Las entidades alcanzadas
El proceso, regulado por el Decreto 1400/2001, alcanzó a organizaciones vinculadas a sectores estratégicos:
- Obra Social de Obreros de Empacadores de Fruta de Río Negro y Neuquén (Res. 934).
- Obra Social de Serenos de Buques (Res. 935).
- Obra Social Modelos Argentinos (Res. 936).
- Obra Social del Personal de Dirección de la Empresa Subterráneos de Buenos Aires (Res. 937).
- Obra Social de Maquinistas de Teatro y Televisión (Res. 938).
Los motivos de la medida
Según el organismo regulador, estas entidades "superaron los factores de criticidad" permitidos por la normativa vigente. Las auditorías identificaron deficiencias en la capacidad de repago, indicadores económico-financieros negativos, problemas en la cobertura de prestaciones médicas y fallas en la gestión jurídico-institucional.
A partir de esta notificación, las obras sociales tienen un plazo de 15 días para presentar un plan de contingencia y saneamiento con metas trimestrales. Este programa será monitoreado por un comité especial encargado de evaluar si las entidades logran revertir su situación o si deben enfrentar medidas más drásticas, como intervenciones, fusiones forzadas o la baja definitiva del registro nacional.
Contexto y reacción sindical
Esta decisión se enmarca en un "proceso de reordenamiento del sistema de salud" que el Gobierno viene aplicando desde principios de 2025. El objetivo declarado es garantizar la transparencia y asegurar que los beneficiarios puedan "elegir en libertad" entre obras sociales y prepagas.

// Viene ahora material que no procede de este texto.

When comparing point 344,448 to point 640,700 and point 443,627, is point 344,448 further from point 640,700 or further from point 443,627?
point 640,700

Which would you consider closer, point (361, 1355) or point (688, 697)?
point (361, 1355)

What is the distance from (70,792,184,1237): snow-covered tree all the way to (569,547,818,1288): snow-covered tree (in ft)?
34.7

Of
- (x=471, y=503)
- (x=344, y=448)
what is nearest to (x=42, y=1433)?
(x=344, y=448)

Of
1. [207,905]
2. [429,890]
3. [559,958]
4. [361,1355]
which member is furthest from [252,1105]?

Sin embargo, la avanzada oficial genera fuertes críticas en el sector gremial. Desde la CGT vienen advirtiendo sobre una "crisis terminal" del sistema de salud sindical, argumentando que el aumento desmedido de costos en medicamentos y tratamientos, sumado a la caída de los ingresos por la recesión, pone en riesgo la cobertura básica del Programa Médico Obligatorio.
¿Qué pasa con los afiliados?
Por el momento, la declaración de crisis no implica el cierre de las entidades ni la pérdida de cobertura para los trabajadores registrados y sus familias. Los afiliados mantienen sus prestaciones bajo un esquema de control estatal reforzado, aunque existe incertidumbre sobre la viabilidad a largo plazo de aquellas organizaciones que no logren sanear sus cuentas.